* Activity *
When you have read the listing, copy all of it without any change.

* Available data *

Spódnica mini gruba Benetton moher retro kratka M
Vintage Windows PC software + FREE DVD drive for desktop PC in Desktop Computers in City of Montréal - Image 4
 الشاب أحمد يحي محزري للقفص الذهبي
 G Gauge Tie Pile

* Exercise response *
Spódnica mini gruba Benetton moher retro kratka M
Vintage Windows PC software + FREE DVD drive for desktop PC in Desktop Computers in City of Montréal - Image 4
 الشاب أحمد يحي محزري للقفص الذهبي
 G Gauge Tie Pile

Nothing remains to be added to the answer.